The novel I’m currently reading for the challenge is Sylvia’s Lovers by Elizabeth Gaskell. The story is set in the 1790s in the fictional town of Monkshaven which Gaskell based on Whitby in North Yorkshire. Whitby was also the setting for Bram Stoker’s Dracula and is a beautiful coastal town with a busy harbour and a ruined abbey on the cliff. I would highly recommend a visit if you have the opportunity!
In Chapter 2 of the novel Sylvia and her friend Molly are walking into Monkshaven so that Sylvia can buy a new cloak. While they are there, a whaling ship returns from a voyage to the Greenland Sea. I have chosen some images that I think help to visualise Gaskell’s descriptions in this chapter.
..but as they were drawing near Monkshaven they stopped, and turned aside along a foot-path that led from the main-road down to the banks of the Dee. There were great stones in the river about here, round which the waters gathered and eddied and formed deep pools.
The next turn of the road showed them the red peaked roofs of the closely packed houses lying almost directly below the hill on which they were. The full autumn sun brought out the ruddy colour of the tiled gables, and deepened the shadows in the narrow streets.
The narrow harbour at the mouth of the river was crowded with small vessels of all descriptions, making an intricate forest of masts.
Image from Wikipedia – sepia photograph by Frank Sutcliffe, dated around 1890
There the old stone cross was raised by the monks long ago; now worn and mutilated, no one esteemed it as a holy symbol…
Image © bythestars – Caedmon’s Cross at St Mary’s Churchyard, Whitby
The red and fluted tiles of the gabled houses rose in crowded irregularity on one side of the river…
The fresh salt breeze was bringing up the lashing, leaping tide from the blue sea beyond the bar. Behind the returning girls there rocked the white-sailed ship, as if she were all alive with eagerness for her anchors to be heaved.
Image from Wikipedia – Whitby 1886, a watercolour on paper by Frederick William Booty
I hope these pictures have helped bring Gaskell’s writing to life for you! I’ll be posting my thoughts on Sylvia’s Lovers after I’ve finished reading the book.
Thank you – wonderful images and a lovely visual tour which also inspires me to read Sylvia’s Lovers. I like to read anything about Yorkshire as my father was born there, in Bridlington. We visited Whitby in 2001 and it is beautiful – climbing those steps to the abbey I remember well!
I’m not from Yorkshire but I’ve been many times and love reading books set there. Whitby really is beautiful and yes, it’s impossible to forget the steps once you’ve had the experience of climbing them!
Beautiful visual tour, Helen!

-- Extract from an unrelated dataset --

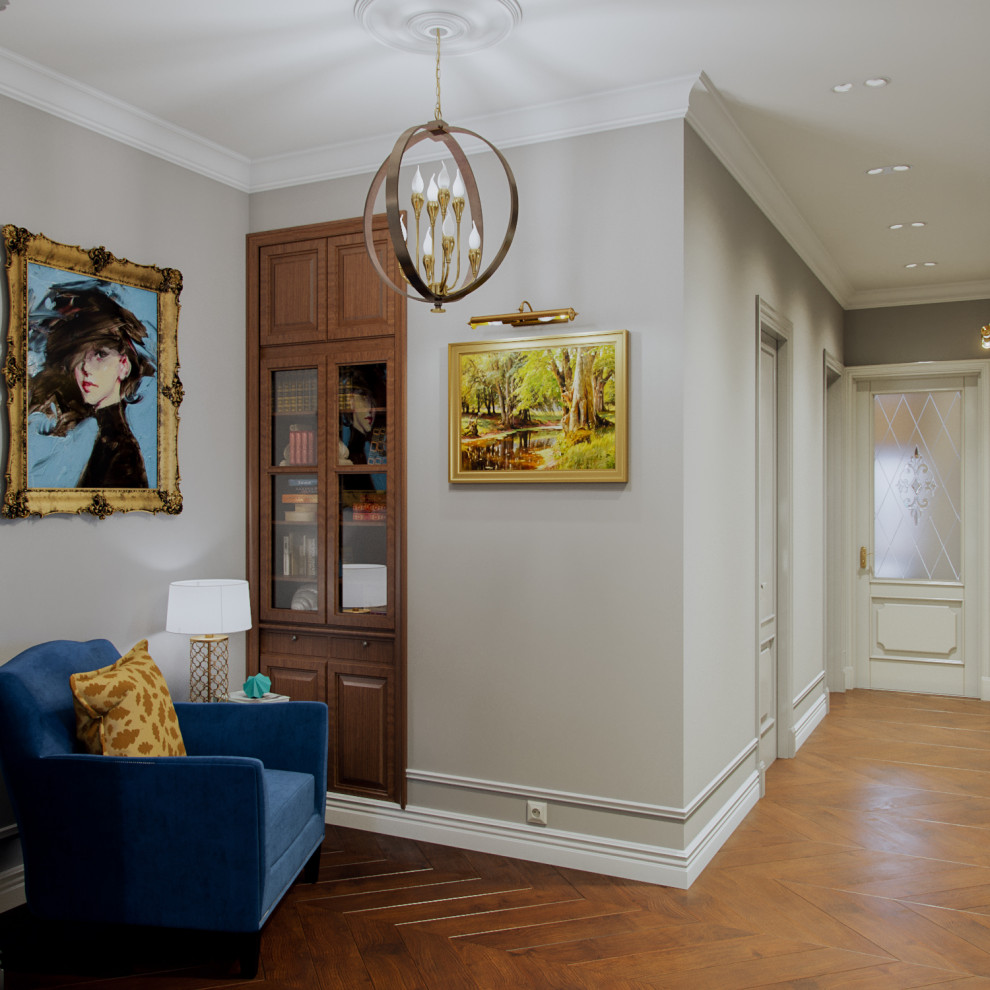 Обложка проекта: Дизайн квартиры в Москве в классическом стиле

I’ve always thought of Whitby as being gloomy and dark, thanks to Dracula, so it is nice to see that it isn’t really that scary.
No, not scary at all, though it is quite atmospheric up on the cliff near the abbey.
I’ve always fancied a trip to Whitby 🙂 I am also looking forward to reading some Elizabeth Gaskel for the Classic Club.
It’s definitely worth a visit if you’re in that part of the country. I hope you enjoy whichever Elizabeth Gaskell book you choose to read.
That is a lovely tour! I liked the blend of historic & contemporary images (without modern intrusions).
Thanks, Lisa. It took me forever to decide which pictures to include in the tour. It was difficult to find contemporary images that didn’t look too ‘modern’.
I still haven’t read Gaskell’s Sylvia’s Lovers. Charming images of Whitby. Thank you for participating in this month’s prompt, Helen! 🙂
I am up to the final chapter of Sylvia’s Lovers and was really pleased to find this site, I only wish I had looked for it sooner.You did really well to find these photos and it certainly helps to picture the scenes.I was sort of imagining Staithes in my mind as I have spent more time there. Thanks again…and it is a great story!
Hi Joan, thanks for your kind words. I’m glad the photos have helped you to picture the scenes.